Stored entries
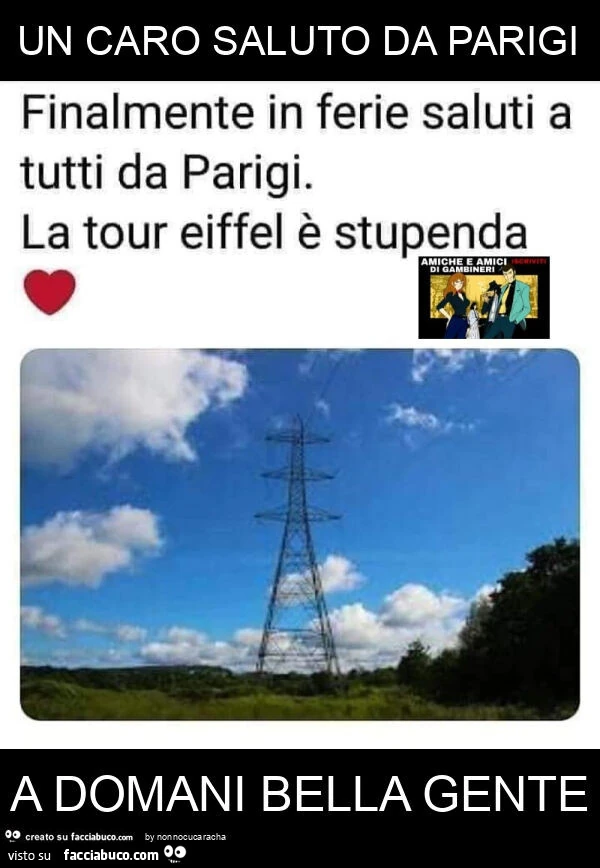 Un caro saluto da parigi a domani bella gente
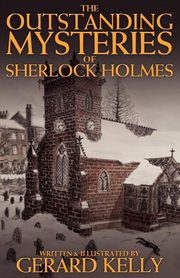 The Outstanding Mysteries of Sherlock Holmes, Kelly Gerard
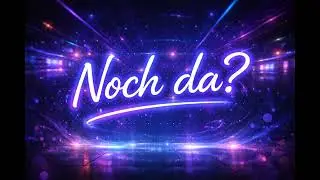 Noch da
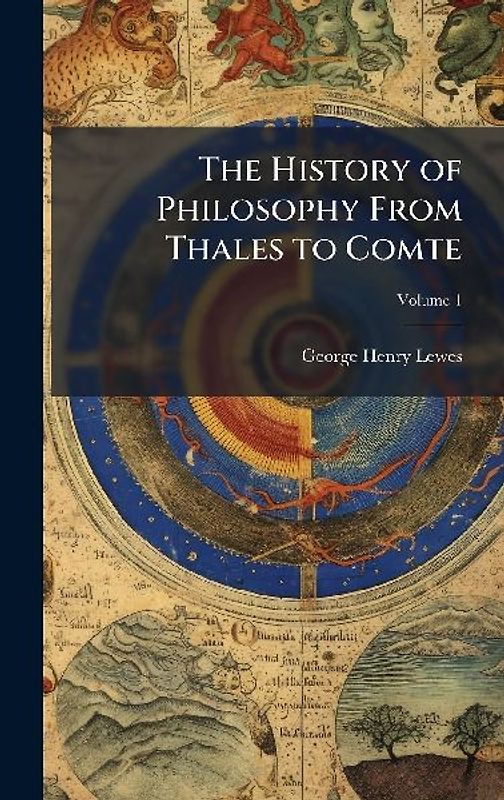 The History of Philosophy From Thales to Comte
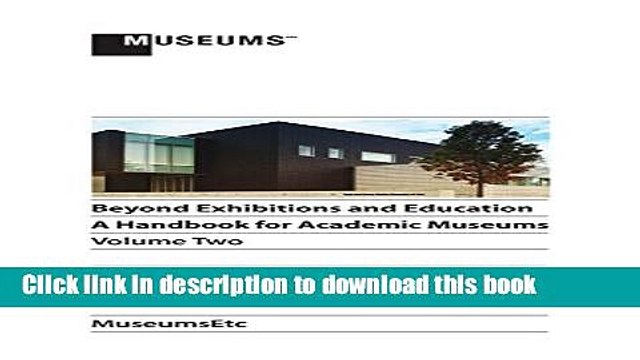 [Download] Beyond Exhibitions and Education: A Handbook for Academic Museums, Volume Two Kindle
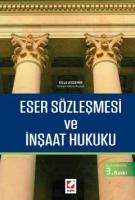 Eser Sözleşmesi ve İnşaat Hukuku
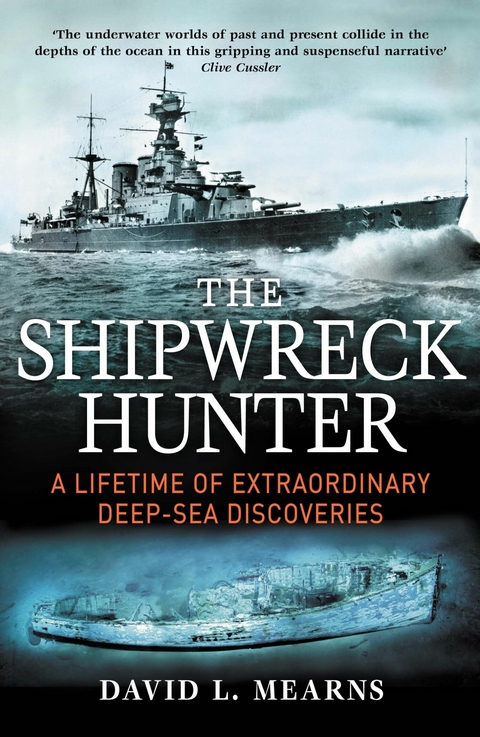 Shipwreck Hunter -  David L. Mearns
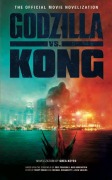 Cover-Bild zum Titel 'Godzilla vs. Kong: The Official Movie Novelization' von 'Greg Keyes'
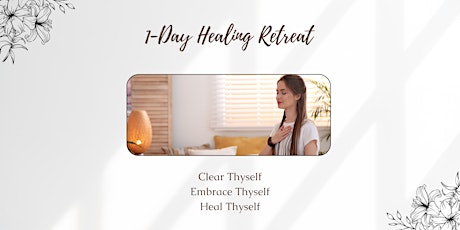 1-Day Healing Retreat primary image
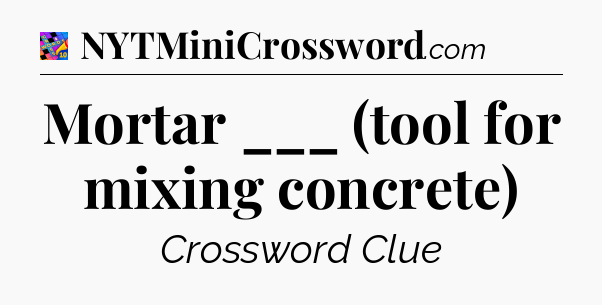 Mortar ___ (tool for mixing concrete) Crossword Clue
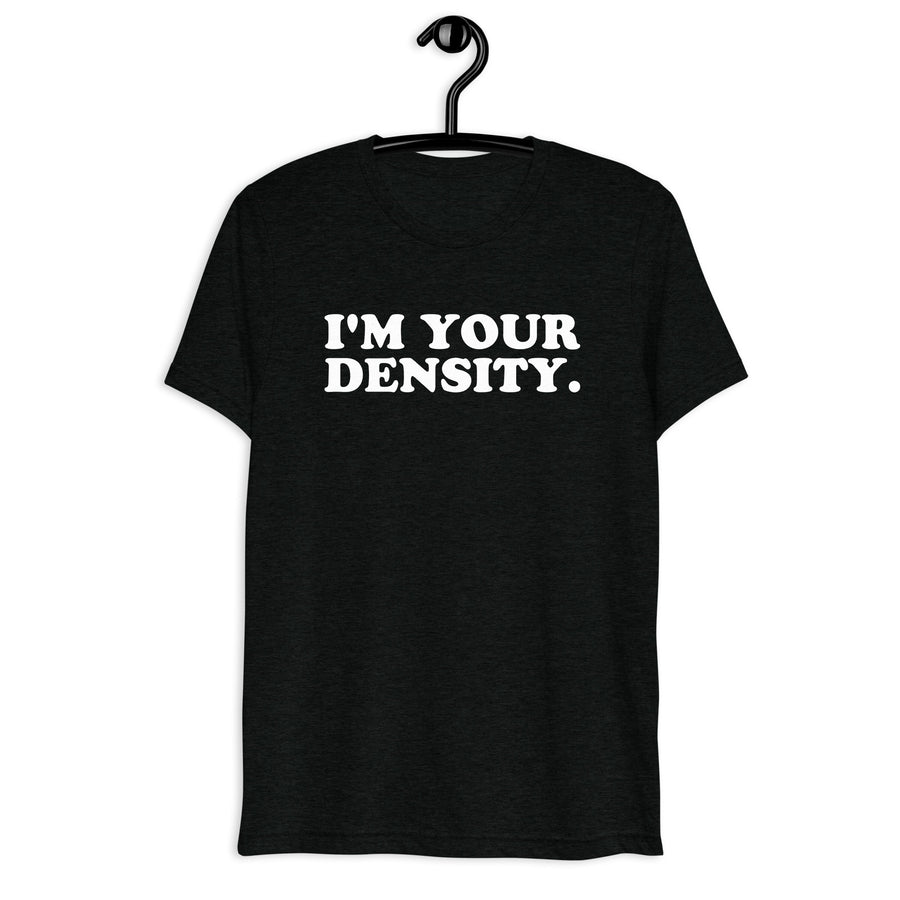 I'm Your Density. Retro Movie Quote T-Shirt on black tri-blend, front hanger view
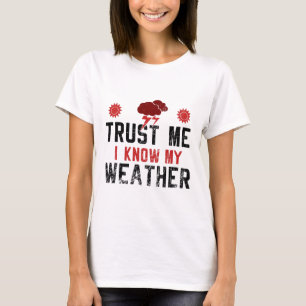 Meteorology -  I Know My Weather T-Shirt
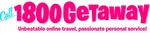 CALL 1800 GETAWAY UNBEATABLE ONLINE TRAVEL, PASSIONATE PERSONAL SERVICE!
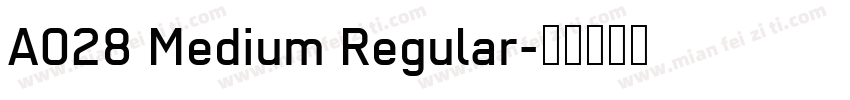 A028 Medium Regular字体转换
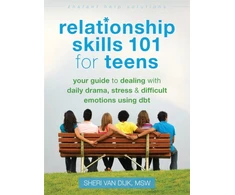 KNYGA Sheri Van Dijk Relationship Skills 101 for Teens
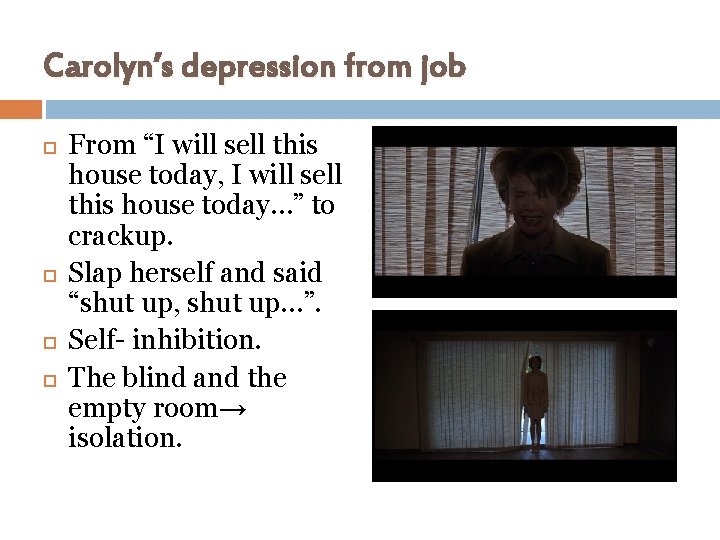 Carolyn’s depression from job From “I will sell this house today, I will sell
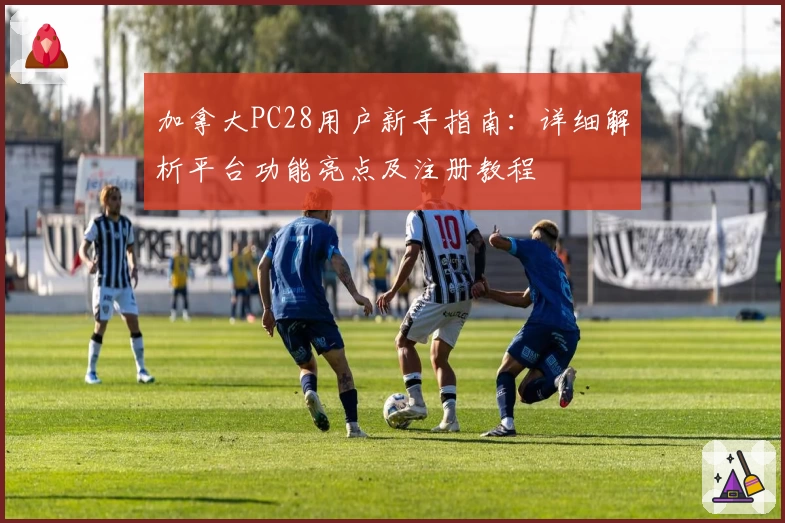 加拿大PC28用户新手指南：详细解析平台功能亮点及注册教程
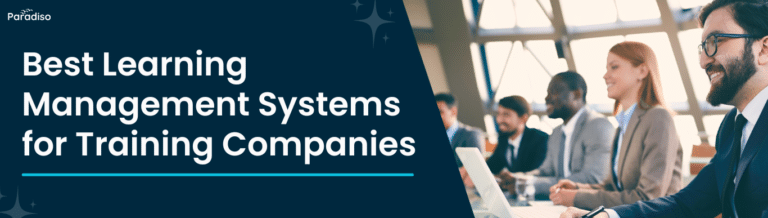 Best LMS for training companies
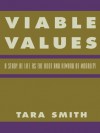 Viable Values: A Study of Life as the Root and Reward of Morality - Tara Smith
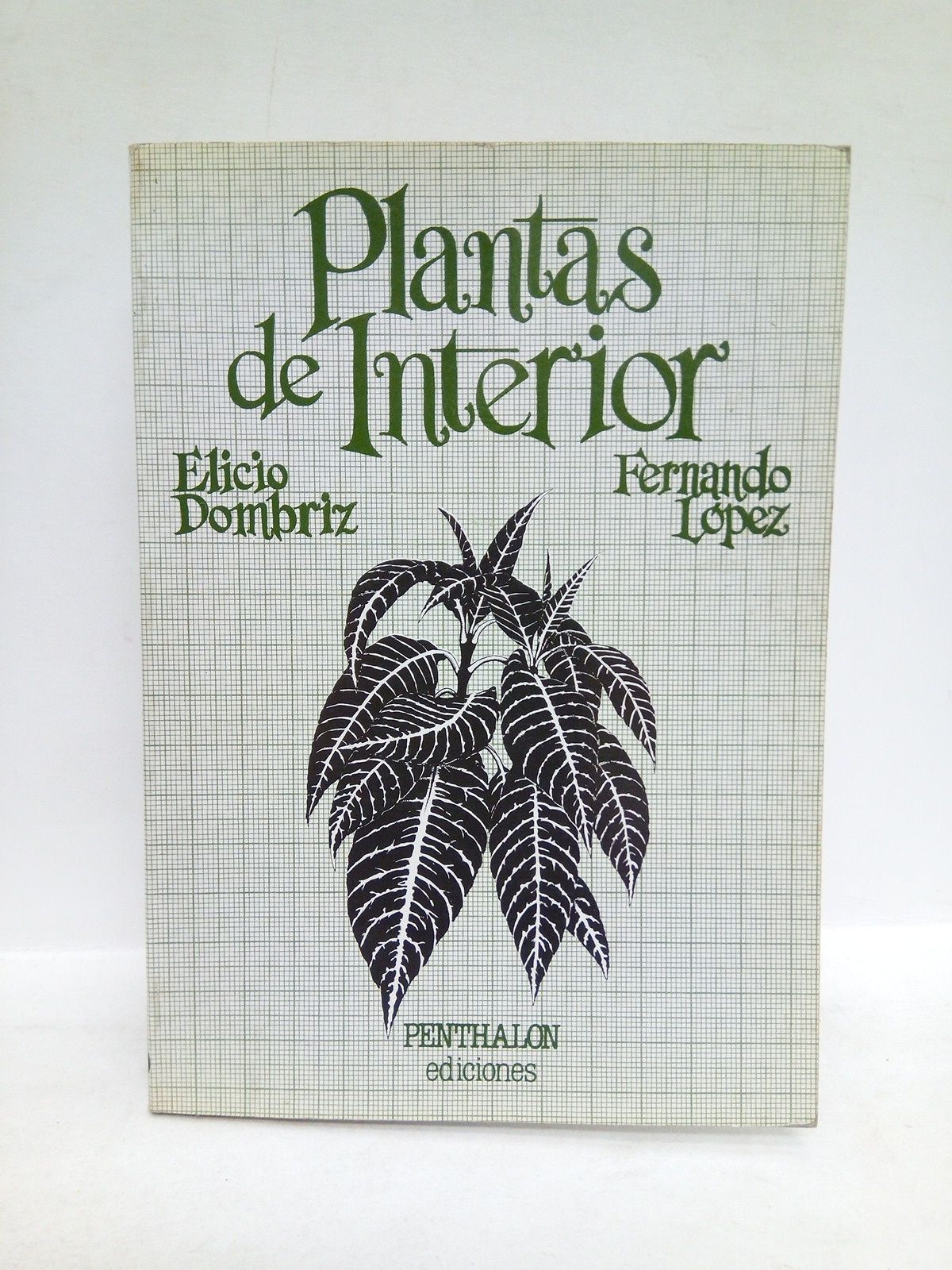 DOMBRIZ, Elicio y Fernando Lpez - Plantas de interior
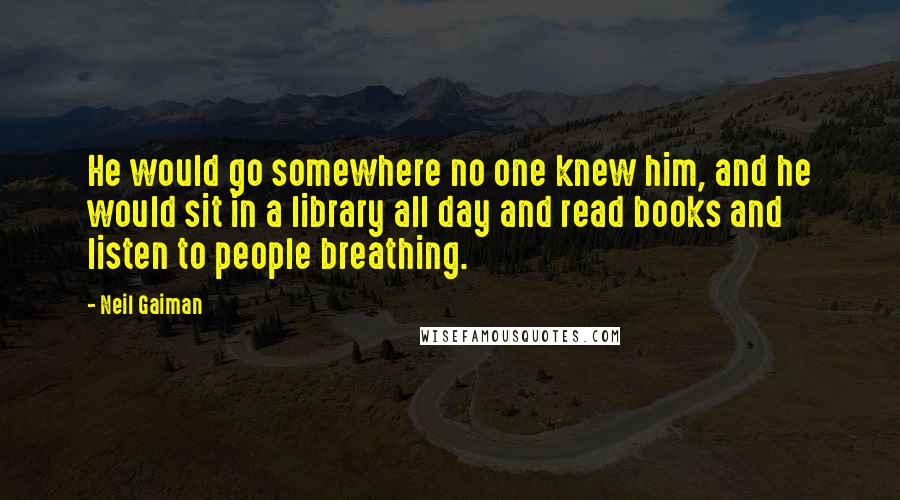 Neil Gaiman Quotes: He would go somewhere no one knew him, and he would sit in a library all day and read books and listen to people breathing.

**DIRECTIONS:**
Please, leaving out all pictures, transcribe exactly the lines above from the one containing "DOMBRIZ, Elicio y" through the final line, both included.

**TASK RESPONSE:**
 DOMBRIZ, Elicio y Fernando Lpez - Plantas de interior
 Neil Gaiman Quotes: He would go somewhere no one knew him, and he would sit in a library all day and read books and listen to people breathing.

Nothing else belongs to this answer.